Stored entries
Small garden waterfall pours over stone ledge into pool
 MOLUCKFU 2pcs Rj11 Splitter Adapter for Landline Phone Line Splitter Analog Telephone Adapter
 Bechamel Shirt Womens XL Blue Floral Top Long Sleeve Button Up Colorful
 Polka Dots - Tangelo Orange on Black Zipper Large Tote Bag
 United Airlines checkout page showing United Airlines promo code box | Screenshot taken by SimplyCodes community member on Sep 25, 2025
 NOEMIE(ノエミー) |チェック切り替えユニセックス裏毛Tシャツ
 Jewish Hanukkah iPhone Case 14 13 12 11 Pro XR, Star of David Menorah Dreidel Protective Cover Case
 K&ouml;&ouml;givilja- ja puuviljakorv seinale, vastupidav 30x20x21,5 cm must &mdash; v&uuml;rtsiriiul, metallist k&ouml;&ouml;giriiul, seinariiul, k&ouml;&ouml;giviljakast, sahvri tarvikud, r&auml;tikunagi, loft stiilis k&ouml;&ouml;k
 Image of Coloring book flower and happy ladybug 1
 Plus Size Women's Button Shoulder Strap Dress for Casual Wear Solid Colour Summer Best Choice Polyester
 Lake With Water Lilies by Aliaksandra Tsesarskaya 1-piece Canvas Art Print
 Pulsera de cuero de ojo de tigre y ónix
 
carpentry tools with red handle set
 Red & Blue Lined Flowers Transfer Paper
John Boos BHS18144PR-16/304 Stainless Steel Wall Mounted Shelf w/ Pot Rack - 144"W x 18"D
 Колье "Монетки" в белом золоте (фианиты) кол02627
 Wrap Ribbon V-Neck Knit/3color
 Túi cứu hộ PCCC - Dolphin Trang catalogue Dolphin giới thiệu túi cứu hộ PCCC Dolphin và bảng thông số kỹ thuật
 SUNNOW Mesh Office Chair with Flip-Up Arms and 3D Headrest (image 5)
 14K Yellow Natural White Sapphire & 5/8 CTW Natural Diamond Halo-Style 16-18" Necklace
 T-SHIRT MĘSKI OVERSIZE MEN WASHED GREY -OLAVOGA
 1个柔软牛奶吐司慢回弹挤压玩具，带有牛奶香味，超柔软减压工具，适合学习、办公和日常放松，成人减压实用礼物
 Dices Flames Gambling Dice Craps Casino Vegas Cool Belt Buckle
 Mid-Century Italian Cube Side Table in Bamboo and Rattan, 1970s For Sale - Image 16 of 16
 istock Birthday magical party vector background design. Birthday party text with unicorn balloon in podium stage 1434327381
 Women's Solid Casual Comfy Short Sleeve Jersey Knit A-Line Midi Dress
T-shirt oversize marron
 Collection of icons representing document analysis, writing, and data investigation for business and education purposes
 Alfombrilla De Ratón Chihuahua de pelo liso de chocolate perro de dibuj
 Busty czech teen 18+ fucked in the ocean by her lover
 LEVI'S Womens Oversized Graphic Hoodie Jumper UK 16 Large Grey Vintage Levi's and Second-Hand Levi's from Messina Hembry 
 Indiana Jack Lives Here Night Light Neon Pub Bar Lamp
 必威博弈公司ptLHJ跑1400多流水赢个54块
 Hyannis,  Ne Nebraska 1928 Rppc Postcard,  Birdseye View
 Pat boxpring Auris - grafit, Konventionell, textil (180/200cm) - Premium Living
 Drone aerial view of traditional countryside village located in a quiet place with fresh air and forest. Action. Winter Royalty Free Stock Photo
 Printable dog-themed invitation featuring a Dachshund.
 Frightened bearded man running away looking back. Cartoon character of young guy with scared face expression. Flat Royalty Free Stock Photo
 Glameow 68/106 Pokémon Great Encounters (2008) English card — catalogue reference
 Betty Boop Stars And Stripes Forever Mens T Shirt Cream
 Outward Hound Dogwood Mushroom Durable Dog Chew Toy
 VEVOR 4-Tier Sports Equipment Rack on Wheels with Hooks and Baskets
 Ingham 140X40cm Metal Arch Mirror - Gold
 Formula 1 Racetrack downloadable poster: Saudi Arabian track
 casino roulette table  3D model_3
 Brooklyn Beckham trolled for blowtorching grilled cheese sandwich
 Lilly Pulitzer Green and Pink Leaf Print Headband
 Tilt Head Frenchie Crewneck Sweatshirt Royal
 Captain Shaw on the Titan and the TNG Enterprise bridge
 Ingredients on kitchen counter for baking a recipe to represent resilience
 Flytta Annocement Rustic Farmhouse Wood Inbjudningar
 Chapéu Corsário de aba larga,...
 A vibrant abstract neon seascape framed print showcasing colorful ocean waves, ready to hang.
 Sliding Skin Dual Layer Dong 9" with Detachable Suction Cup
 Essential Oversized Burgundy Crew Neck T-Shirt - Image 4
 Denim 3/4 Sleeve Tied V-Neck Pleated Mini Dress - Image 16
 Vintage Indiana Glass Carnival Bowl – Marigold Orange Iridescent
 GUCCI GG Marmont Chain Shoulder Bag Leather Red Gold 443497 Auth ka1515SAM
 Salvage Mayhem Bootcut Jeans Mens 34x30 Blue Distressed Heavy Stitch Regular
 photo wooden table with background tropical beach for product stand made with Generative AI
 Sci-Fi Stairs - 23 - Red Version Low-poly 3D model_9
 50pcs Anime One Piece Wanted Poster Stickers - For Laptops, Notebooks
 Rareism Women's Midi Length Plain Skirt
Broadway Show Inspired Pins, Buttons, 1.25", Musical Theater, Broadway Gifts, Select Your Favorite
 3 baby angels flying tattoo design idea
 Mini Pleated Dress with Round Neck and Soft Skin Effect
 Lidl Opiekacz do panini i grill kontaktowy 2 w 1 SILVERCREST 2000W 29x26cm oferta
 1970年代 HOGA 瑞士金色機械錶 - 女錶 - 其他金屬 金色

# THE TASK:
All that belongs in your answer is the stretch of entries above from the line with "Pulsera de cuero de ojo de tigre y ónix" through the line with "Mid-Century Italian Cube", printed exactly.

# SOLVED EXERCISE:
 Pulsera de cuero de ojo de tigre y ónix
 
carpentry tools with red handle set
 Red & Blue Lined Flowers Transfer Paper
John Boos BHS18144PR-16/304 Stainless Steel Wall Mounted Shelf w/ Pot Rack - 144"W x 18"D
 Колье "Монетки" в белом золоте (фианиты) кол02627
 Wrap Ribbon V-Neck Knit/3color
 Túi cứu hộ PCCC - Dolphin Trang catalogue Dolphin giới thiệu túi cứu hộ PCCC Dolphin và bảng thông số kỹ thuật
 SUNNOW Mesh Office Chair with Flip-Up Arms and 3D Headrest (image 5)
 14K Yellow Natural White Sapphire & 5/8 CTW Natural Diamond Halo-Style 16-18" Necklace
 T-SHIRT MĘSKI OVERSIZE MEN WASHED GREY -OLAVOGA
 1个柔软牛奶吐司慢回弹挤压玩具，带有牛奶香味，超柔软减压工具，适合学习、办公和日常放松，成人减压实用礼物
 Dices Flames Gambling Dice Craps Casino Vegas Cool Belt Buckle
 Mid-Century Italian Cube Side Table in Bamboo and Rattan, 1970s For Sale - Image 16 of 16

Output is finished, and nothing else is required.